E così ha utilizzato anche la tribuna delle Nazioni Unite per fare propaganda elettorale. Ha chiesto cioè che il ritiro graduale della Missione Onu in Congo (MONUSCO) avvenga a partire dal dicembre 2023 invece che dal dicembre 2024, come previsto dal Consiglio di sicurezza.
La MONUSCO, in 23 anni di presenza nel territorio, non è riuscita ad arginare i gruppi armati e a riportare stabilità. Questa la ragione principale addotta da Tshisekedi per la richiesta di ritiro anticipato dei 15mila caschi blu presenti in Nord Kivu, Sud Kivu e Ituri.
Il lavoro della MONUSCO presenta certamente delle crepe, ma la fretta di Tshisekedi è legata al fatto che i congolesi, anche quelli del nordest in balìa dei gruppi armati, vanno a votare il 20 dicembre e negli ultimi anni hanno spesso manifestato contro le truppe ONU.

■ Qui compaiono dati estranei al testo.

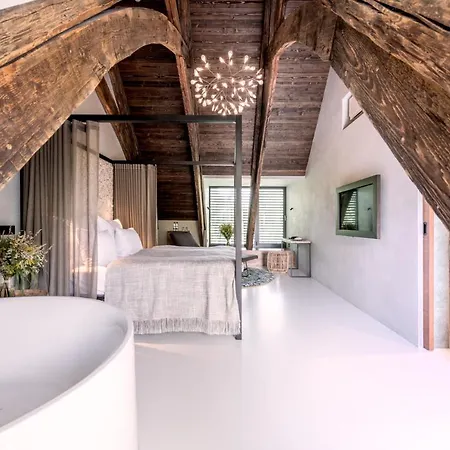 Yard Hotel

È appena il caso di ricordare che Tshisekedi nel maggio 2021 ha decretato lo stato d’assedio nell’Ituri e nel Nord Kivu: vuol dire che le istituzioni civili sono sospese e il potere viene esercitato dai militari. Lo stato d’assedio è ancora in vigore e non si sono visti passi in avanti.
Tshisekedi porta anche la responsabilità di aver chiesto alla Comunità economica dell’Africa orientale (EAC) di inviare truppe nel Nord Kivu, per spalleggiare l’esercito congolese. E con lo stesso compito agiscono nell’Ituri reparti dell’esercito ugandese. Risultati non se ne sono visti.
Inoltre, durante il suo mandato, Tshisekedi non è riuscito nemmeno ad arginare l’influenza nel nordest dell’esercito rwandese che sostiene il gruppo ribelle M23 a maggioranza tutsi e si garantisce l’instabilità necessaria per predare i minerali strategici dell’Rd Congo.